Golar LNG owns and operates marine LNG infrastructure. The company has developed floating LNG liquefaction terminal (FLNG) and Floating Storage and Regasification Unit (FSRU) projects based on the conversion of existing LNG carriers. Front End Engineering and Design (FEED) studies have now been completed for a larger newbuild FLNG solution. Golar is also collaborating with another industry leader to investigate solutions for the floating production of blue and green ammonia as well as carbon reduction in LNG production.

==History==
The company was founded in 1946 as Gotaas-Larsen Shipping Company. In 1970 the company entered the LNG segment.

In 1973, the Gotaas-Larsen oil tanker exploded and sank off the Canary Islands.
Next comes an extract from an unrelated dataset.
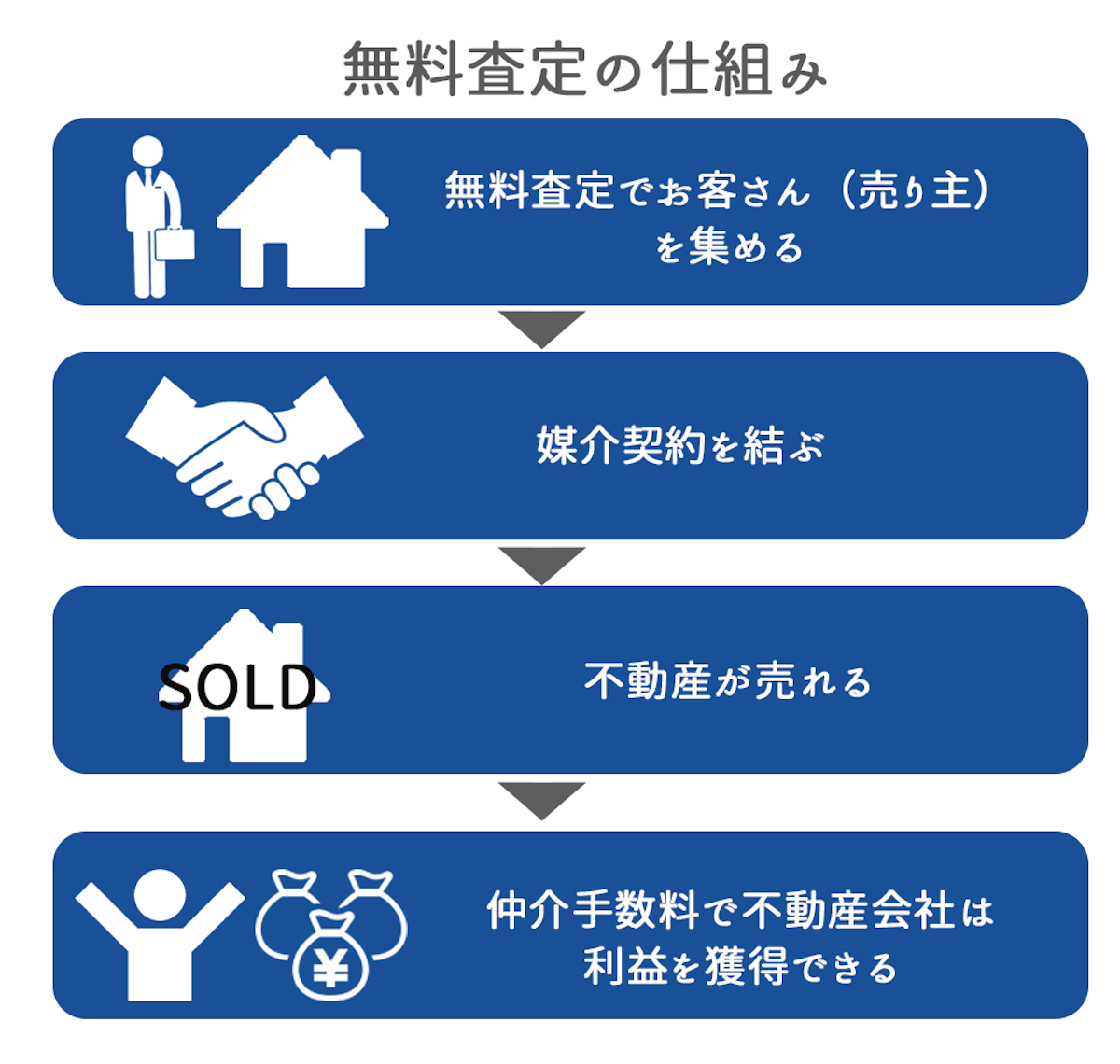 無料査定の仕組み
With gross register tonnage of 98,894 and deadweight tonnage of 216,326 LT, it was at the time the largest ship ever lost at sea.

The Singapore-based Osprey Maritime bought the company in 1997. In 2000 the John Fredriksen-controlled World Shipholding started a take-over of Osprey, completed in 2001 when the LNG segments of Osprey were transferred to Golar LNG. It was listed on the Oslo Stock Exchange in 2001 and NASDAQ in 2002, 30 August 2012 it was delisted from Oslo Stock Exchange.

In June 2015, Golar LNG announced a joint venture with Stolt-Nielsen to pursue production and distribution opportunities. The latter also made a strategic investment in the former, acquiring a 2.3 percent stake.

Golar LNG Partners LP still operated the world's first regasification vessel Golar Spirit converted from an LNG carrier as of 2009. The ship was later sold to New Fortress Energy.